Columnists: Jan Rosenow, Regulatory Assistance Project (RAP)

Published on: 25 Aug 2017

Energy efficiency loopholes risk to Paris Agreement

The results of the European Council’s proposals on energy efficiency are in. In a worst-case scenario, the target could plummet to 0.04 percent. This will make it nearly impossible for the EU to deliver on the Paris Agreement.

Energy efficiency is key to achieving the ambitious carbon reduction goals set out in the Paris Agreement. The International Energy Agency (IEA) created a model scenario, aligned with the Agreement, which indicates that half of global emission reductions will be achieved through energy efficiency measures. This is consistent with work by the Intergovernmental Panel on Climate Change (IPCC) and others.

In consideration of these objectives and the multiple societal benefits delivered by energy efficiency, the European Commission adopted the principle of “Efficiency First” in its Winter Package of legislation. The Energy Efficiency Directive (EED) is a key part of the package, designed to deliver energy savings of 30 percent by 2030. Article 7 of the EED outlines requirements for energy efficiency obligations that would deliver about half of the Directive’s entire savings and is a key driver of energy efficiency in Europe.

However, discussions of the Commission proposals in the European Council have attempted to water down Article 7 substantially. In June 2017, RAP published its impact analysis of the amendments to Article 7 proposed by Malta, which then held the rotating EU presidency. We calculated that, if accepted, these proposals would reduce the Article’s current scope of ambition for energy efficiency by more than 80 percent—and perhaps by as much as 100 percent—depending on the amount of additional savings, beyond the required target, reported for the period from 2014 to 2020 and how Member States apply these proposed terms.

Many loopholes remain and new ones have been added

The final outcome of the Council negotiations struck down some of the proposed loopholes, but adopted others:

  • The headline target was reduced from 1.5 percent annual savings to just 1.0 percent after 2025, unless the European Commission’s assessment results in recommendation of an increased target.
  • The exemptions cap was increased from 25 percent to 35 percent.
  • Excess savings from the current Article 7 period from 2014 to 2020 may be applied to lower the minimum savings for the period from 2021 to 2030.
  • Energy savings from new buildings standards and codes may potentially be double counted.
  • Additionality provisions have been weakened, resulting in looser interpretation of the requirements for energy savings counting toward the Article 7 target. Previous analysis identified that the lack of specific requirements led to an inconsistent and potentially less sound approach.
  • The target for small insular states was lowered to just 0.8 percent of annual energy sales for the period from 2021 to 2030.

Proposals put Europe in reverse gear on energy efficiency

RAP carried out a detailed analysis of the final Council position on Article 7. Our analysis shows that the 1.5 percent target will still be reduced by well over half and, in the worst-case scenario, it could plummet to just 0.04 percent. Overall, the proposed loopholes will undoubtedly reduce the current ambition levels in the Commission proposal from 0.71 percent annual savings from efficiency (after exclusions and exemptions), to less than 0.56 percent. This represents at least a 21 percent reduction in ambition.

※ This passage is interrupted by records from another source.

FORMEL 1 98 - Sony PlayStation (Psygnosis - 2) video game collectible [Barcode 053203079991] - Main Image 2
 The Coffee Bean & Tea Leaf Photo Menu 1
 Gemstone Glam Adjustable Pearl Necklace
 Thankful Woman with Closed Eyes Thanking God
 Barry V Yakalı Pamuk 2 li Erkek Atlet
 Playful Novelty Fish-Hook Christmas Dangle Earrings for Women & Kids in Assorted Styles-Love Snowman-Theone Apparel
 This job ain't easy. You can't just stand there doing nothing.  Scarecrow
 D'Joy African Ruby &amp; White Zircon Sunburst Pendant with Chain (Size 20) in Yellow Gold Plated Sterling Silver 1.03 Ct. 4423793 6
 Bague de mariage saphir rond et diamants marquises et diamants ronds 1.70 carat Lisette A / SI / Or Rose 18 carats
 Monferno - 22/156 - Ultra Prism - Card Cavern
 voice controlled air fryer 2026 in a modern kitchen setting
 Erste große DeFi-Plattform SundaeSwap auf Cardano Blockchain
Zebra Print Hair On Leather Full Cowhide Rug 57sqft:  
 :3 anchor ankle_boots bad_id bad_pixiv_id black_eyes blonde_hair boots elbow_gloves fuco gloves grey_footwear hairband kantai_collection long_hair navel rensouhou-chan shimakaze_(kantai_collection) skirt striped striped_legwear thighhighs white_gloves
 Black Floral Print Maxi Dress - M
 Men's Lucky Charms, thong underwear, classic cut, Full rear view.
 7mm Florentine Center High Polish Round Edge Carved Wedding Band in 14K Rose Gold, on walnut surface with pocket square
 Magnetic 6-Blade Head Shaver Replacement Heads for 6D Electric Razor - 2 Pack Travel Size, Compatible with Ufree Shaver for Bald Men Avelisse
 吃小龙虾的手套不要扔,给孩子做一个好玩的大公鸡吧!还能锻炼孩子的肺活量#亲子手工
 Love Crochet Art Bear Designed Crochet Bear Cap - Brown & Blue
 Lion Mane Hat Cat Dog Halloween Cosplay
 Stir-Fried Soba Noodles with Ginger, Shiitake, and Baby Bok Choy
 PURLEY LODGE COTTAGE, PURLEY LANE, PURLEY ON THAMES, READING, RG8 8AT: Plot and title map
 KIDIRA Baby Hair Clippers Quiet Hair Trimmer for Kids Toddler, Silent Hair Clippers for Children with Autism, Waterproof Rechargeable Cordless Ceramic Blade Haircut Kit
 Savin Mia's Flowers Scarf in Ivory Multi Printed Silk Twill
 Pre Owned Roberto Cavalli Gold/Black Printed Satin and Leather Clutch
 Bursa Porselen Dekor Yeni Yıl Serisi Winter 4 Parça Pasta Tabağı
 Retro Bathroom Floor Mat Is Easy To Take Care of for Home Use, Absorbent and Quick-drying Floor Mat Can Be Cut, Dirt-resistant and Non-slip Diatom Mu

However, there is considerable uncertainty surrounding the amount of excess savings and the extent to which savings from new buildings may be fully counted (the Council text is ambiguous). In the worst-case scenario—if high excess savings from 2014 and 2015 continue over the entire period from 2014 to 2020, and all savings from new buildings are fully counted—this could in effect reduce the annual savings target to just 0.04 percent. In the most optimistic scenario, excess savings would be minimal and few Member States would use the option of counting savings from new buildings. At this stage, it is not possible to assess with any certainty the actual savings based on the Council’s proposal. It is clear, however, that there is a risk that the energy savings goals of the EED will be significantly watered down if excess savings are uncapped and if savings from new buildings may count fully toward the target.

European Parliament needs to fix Article 7

The first half of 2017 has been used to weaken the proposals made in the Winter Package. The second half of the year offers a chance to rectify this. Negotiations in the European Parliament are already under way and the European Parliament is now in a position to not only mitigate the potential damage, but to draft robust amendments for Article 7 that will help deliver the 40 percent improvement in energy efficiency that the European Parliament voted for in 2016. If Europe is serious about the Paris Agreement, it needs to get its act together on energy efficiency. Actions speak louder than words.